A typical dad would rather go out and buy you gifts to make up for chastising you wrongly. You come home from school on a Monday afternoon still moody because your dad wrongly gave you a spanking a day before, only for him to come back from work in the evening with a brand new bicycle.
Well, that’s your sorry right there. Boy, what an apology! Whatever grudge you think you hold against your dad automatically flies out the window.
Mothers, on the other hand, would just add a lump of extra meat to your soup.
No, it wasn’t an oversight. That’s your apology right there.
Contrary to erroneous beliefs about Nigerian men lacking kitchen skills, there have been multiple proofs on social media that point to the fact that they are actually great cooks when they want to be or when they need to be.
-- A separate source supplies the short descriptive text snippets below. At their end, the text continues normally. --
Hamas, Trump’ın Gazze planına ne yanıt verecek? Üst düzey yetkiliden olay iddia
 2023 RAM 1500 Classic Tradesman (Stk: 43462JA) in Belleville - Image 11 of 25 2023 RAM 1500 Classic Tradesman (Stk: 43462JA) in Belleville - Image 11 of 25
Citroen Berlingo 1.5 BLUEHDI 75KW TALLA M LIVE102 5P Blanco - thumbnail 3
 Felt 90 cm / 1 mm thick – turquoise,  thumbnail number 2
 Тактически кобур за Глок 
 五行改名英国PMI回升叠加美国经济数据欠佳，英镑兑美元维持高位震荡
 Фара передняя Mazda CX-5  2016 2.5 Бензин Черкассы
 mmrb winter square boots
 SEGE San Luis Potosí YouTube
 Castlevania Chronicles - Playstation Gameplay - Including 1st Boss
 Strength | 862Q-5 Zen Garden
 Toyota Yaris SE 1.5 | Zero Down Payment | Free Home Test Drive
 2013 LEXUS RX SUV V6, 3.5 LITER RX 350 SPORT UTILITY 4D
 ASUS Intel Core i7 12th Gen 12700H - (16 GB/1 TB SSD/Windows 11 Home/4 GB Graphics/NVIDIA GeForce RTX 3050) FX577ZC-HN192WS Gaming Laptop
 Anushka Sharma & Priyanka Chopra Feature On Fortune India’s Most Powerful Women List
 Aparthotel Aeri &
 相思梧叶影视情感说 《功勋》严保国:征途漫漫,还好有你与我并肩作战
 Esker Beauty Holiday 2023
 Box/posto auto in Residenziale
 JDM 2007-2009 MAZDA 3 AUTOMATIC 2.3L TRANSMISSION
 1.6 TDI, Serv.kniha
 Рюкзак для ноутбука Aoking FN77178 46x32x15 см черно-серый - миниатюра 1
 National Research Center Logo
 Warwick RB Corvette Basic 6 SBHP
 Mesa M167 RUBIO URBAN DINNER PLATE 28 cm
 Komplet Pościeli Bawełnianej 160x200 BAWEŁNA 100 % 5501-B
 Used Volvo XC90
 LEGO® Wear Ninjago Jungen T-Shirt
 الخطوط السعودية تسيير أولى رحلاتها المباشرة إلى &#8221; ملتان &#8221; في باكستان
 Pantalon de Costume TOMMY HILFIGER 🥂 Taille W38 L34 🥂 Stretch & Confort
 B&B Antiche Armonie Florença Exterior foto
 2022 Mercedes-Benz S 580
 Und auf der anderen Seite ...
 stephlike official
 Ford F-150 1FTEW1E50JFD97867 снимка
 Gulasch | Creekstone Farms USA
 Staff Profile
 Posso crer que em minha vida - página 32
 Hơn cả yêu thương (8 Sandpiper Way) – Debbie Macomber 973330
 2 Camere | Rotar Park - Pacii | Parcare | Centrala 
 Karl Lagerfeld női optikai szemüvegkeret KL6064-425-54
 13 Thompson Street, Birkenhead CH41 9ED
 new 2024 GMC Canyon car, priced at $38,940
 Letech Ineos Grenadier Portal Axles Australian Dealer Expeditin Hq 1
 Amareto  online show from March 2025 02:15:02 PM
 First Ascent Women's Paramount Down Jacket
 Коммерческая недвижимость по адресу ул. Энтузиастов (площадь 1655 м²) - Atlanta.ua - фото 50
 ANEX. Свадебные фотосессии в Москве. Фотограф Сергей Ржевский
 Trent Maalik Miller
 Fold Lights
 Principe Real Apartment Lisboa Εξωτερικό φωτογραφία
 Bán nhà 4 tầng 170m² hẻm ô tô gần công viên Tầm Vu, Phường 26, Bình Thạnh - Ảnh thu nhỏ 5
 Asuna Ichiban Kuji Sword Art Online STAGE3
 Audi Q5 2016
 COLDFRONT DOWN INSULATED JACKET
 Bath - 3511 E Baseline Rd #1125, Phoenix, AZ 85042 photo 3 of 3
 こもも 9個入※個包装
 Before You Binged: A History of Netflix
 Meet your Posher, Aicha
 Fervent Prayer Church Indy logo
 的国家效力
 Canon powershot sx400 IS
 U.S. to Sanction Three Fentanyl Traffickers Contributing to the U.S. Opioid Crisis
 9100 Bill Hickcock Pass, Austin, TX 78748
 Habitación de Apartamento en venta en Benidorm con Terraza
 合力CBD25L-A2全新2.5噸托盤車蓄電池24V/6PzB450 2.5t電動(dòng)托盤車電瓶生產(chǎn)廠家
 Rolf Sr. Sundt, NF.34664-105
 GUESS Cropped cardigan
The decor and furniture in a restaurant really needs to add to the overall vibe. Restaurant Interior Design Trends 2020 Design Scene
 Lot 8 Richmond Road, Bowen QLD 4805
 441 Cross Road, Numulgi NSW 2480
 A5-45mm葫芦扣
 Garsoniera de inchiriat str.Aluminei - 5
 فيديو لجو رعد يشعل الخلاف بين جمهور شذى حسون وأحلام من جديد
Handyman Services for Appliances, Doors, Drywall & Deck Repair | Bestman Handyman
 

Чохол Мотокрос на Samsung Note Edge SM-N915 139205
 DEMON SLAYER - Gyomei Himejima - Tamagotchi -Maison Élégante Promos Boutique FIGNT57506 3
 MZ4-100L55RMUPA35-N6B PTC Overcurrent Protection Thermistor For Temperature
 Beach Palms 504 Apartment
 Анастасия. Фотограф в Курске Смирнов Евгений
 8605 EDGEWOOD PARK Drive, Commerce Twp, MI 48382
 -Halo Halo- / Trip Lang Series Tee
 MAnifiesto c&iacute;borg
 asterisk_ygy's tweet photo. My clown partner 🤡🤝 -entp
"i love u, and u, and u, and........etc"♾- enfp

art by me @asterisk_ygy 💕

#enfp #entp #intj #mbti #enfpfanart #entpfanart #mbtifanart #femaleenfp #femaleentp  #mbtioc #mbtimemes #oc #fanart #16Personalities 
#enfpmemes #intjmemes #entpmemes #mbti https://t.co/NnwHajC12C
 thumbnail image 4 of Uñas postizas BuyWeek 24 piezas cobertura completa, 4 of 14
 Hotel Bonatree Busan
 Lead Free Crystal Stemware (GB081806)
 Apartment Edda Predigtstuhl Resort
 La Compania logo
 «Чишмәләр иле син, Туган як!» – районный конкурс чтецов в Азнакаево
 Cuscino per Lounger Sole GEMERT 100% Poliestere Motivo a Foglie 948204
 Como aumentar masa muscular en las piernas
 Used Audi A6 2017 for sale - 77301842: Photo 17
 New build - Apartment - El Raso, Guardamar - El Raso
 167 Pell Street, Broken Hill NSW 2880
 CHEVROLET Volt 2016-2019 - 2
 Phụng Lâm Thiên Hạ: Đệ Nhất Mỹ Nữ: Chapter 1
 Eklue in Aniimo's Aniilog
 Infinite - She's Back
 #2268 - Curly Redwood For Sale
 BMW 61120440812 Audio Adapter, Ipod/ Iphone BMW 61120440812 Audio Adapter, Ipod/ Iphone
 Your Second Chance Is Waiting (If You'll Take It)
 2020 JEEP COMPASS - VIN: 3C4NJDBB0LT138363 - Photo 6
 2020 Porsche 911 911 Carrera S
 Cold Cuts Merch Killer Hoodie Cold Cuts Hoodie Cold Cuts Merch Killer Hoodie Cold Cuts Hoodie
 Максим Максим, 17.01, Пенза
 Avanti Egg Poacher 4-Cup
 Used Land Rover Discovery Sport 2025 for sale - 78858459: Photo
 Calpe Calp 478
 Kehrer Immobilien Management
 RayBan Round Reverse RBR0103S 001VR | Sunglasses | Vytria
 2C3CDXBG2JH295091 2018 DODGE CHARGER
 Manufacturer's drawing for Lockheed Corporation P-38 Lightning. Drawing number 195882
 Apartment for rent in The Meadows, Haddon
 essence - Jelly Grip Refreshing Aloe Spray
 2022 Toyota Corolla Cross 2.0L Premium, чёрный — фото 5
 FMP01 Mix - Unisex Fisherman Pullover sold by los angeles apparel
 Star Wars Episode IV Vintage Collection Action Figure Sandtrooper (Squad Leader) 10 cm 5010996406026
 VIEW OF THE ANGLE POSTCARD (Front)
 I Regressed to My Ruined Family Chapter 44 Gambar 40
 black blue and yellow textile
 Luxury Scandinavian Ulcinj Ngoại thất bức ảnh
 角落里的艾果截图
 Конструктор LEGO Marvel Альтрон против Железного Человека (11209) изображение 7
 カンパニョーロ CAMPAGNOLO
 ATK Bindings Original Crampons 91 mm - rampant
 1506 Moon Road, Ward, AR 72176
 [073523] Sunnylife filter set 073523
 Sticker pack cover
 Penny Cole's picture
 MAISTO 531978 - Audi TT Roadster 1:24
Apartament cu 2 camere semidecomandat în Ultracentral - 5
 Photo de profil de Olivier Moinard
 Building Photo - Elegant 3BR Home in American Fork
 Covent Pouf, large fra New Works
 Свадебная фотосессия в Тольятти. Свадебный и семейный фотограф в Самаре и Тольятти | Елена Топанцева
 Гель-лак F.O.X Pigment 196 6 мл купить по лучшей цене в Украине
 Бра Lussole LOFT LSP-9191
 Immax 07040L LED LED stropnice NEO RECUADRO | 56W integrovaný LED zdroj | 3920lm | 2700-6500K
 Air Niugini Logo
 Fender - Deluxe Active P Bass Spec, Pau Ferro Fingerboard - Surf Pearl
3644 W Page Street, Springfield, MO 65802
While mothers are the queen of the kitchen, fathers have had to fill in for their wives when they are either away or indisposed. Despite the handful of comments claiming that their dads did a terrible job deputizing in the kitchen, the bulk of the comments commended their fathers for performing well, with a few even insinuating that they did better than mothers.
Giving a personal experience, I grew up with memories of my father helping out in the kitchen when he had to and the results were always delicious.
Do you share the same view or disagree? Please let us know in the comment section.
‘Go and read your book!’
Nigerian fathers have an obsession with education.
They all want their children to be doctor, lawyer, or engineer. As far as Nigerian dads are concerned, those three are the only available career choices in this world. Good luck to you if your choice falls out of those three options.
Wait…what! You’re thinking of becoming a musician? How dare you? That bunch of never-do-wells?
Or you’ve been watching too much of Rashidi Yekini and the Super Eagles and you’re now having ideas in your head? Woe betides you!
Their kids hardly ever get any breathing space with them as they won’t stop hammering at them with “Will you go and read your book, my frenn!”
It could even get worse with dads who weren’t fortunate enough to get top-level education and had their career dreams cut short. Now the kids would have to do that for them.
The tendency to want to fulfill that career ambition through their favorite child could further worsen the pressure.
So, those are the top five most recurrent traits peculiar to Nigerian dads, according to social media posts and comments.
Reading through this article, at least two or three of these traits should remind you of your dad. If it doesn’t then… err mmm – your dad probably owes you an explanation.